With changing the param for KLD, I could get better results.
But I don’t want to take this approach since it won’t be a general solution anymore if I changed the input data.

 41%|████      | 13/32 [01:04<01:27,  4.61s/it]
kld :  53.88439178466797 recon :  -53301.86328125
 44%|████▍     | 14/32 [01:08<01:22,  4.58s/it]
kld :  52.833587646484375 recon :  -56408.796875
 47%|████▋     | 15/32 [01:13<01:18,  4.59s/it]
kld :  51.79539489746094 recon :  -59532.7265625
 50%|█████     | 16/32 [01:17<01:12,  4.56s/it]
kld :  50.653541564941406 recon :  -62645.80859375
 53%|█████▎    | 17/32 [01:22<01:08,  4.54s/it]
kld :  49.04255676269531 recon :  -65793.15625
 56%|█████▋    | 18/32 [01:26<01:03,  4.52s/it]
kld :  47.729461669921875 recon :  -68937.03125
 59%|█████▉    | 19/32 [01:31<00:58,  4.51s/it]
kld :  47.20650100708008 recon :  -72088.6171875
 62%|██████▎   | 20/32 [01:35<00:54,  4.51s/it]
kld :  46.273780822753906 recon :  -75279.53125
 66%|██████▌   | 21/32 [01:40<00:49,  4.51s/it]
kld :  44.844871520996094 recon :  -78400.25
 69%|██████▉   | 22/32 [01:44<00:44,  4.49s/it]
kld :  42.69890213012695 recon :  -81610.5
・
・
・

What do you think about the function below?
Do you have any idea?


inputs.shape = (512, 19, 64, 64)
outputs.shape = (512, 19, 64, 64)

def entropy(inputs, outputs, weight,batch=batch_size, h=64, w=64, class_num=19, ignore_id=19):
    
    softmax = nn.Softmax(dim=0)
    losses = torch.empty(h, w).to(device)
    
    for b in range(batch):
        
        loss = - softmax(inputs[b]) * torch.log(softmax(outputs[b]))
        
        for c in range(class_num):
            if c == ignore_id:
                continue
                
            weighted_loss = ((weight[c]) * loss[c]) / batch_size
            torch.cat((losses, weighted_loss))
            
    return torch.sum(losses)

Why do you use CrossEntropy in a VAE? Arent you trying to reconstruct the input? in that case, either MSE or BCE should be used.

@Shisho_Sama

Do you know the theoretical reason why BCE, MSE is suited for VAE / AE loss function.
I found these article or paper saying like

’ it is usually used ’

or

’ There are two common loss functions used for training autoencoders, these include the mean-squared error (MSE) and the binary cross-entropy (BCE) ’

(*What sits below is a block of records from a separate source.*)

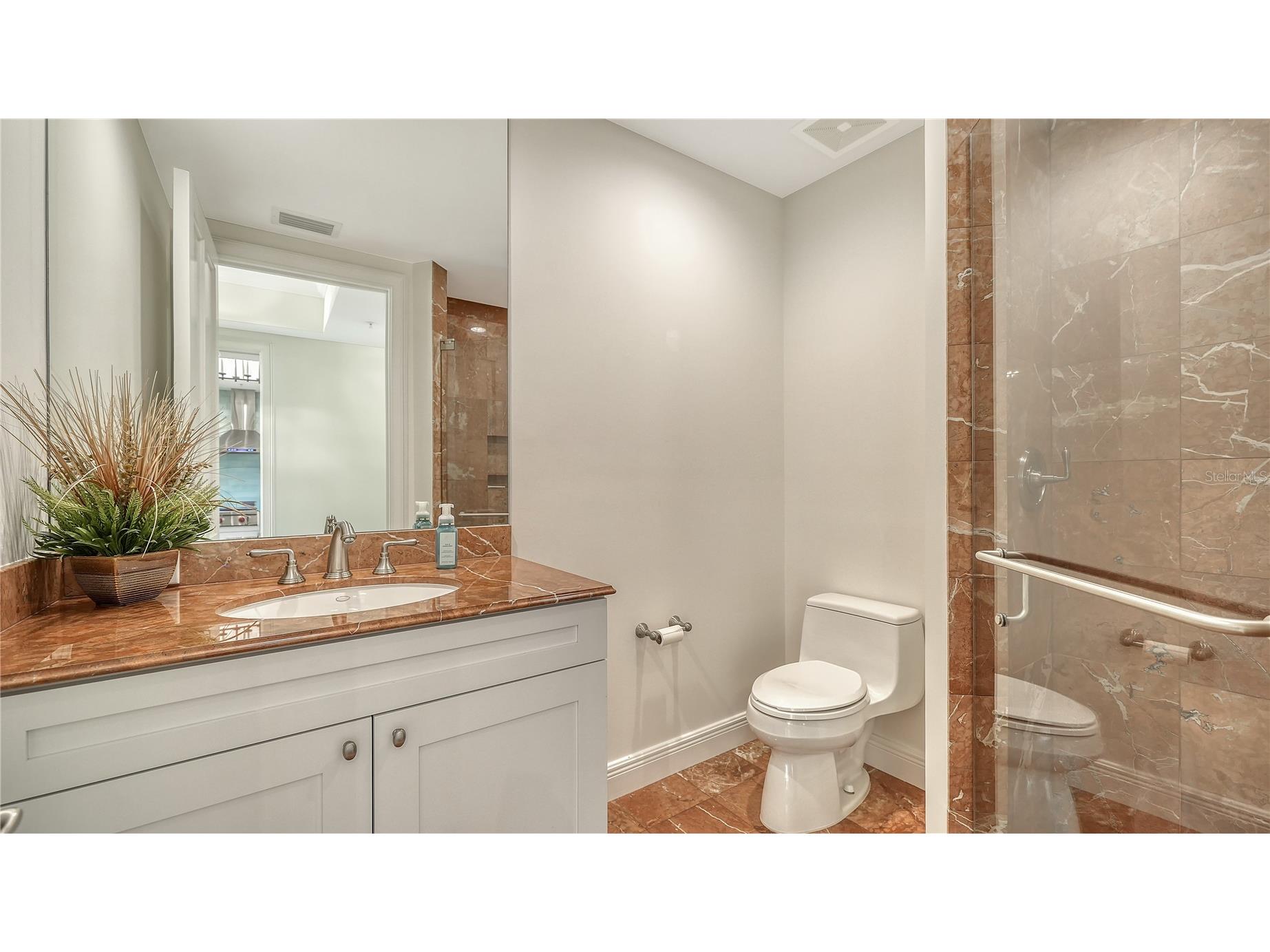 1300 Benjamin Franklin Drive #303 Sarasota FL 34236 - GULF A4683750 image21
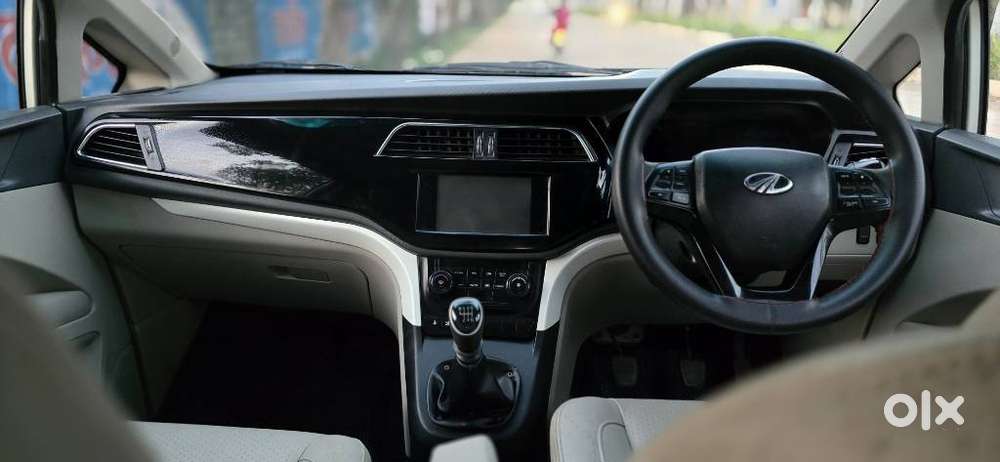 Mahindra Marazzo, 2019, Diesel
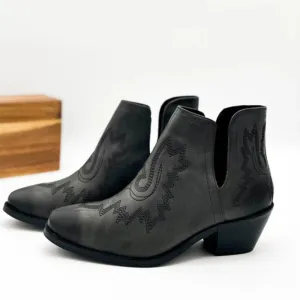 Online Exclusive | Kickin' Booties in Black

But I really don’t get why channel-wise cross entropy is not suited in my case.

I think its because In BCE and MSE, everything(all pixel values) is treated equally, whereas in your case, it means there is one true class only. in reconstructing the input, we therefore try to check each pixel value with its respective real value regardless of other pixels.

@Shisho_Sama

Thank you for your opinion.

whereas in your case, it means there is one true class only.

In this part, what if target wasnt encoded in one-hot, rather than that, what if input and target was continuous number [0 to 1] still model recognize some true class?

in VAE you dont use labels, you compare the actual input with the reconstructed version from decoder unless you want to use the conditional version which incorporates the one hot encoded label in the input and the latent variable z.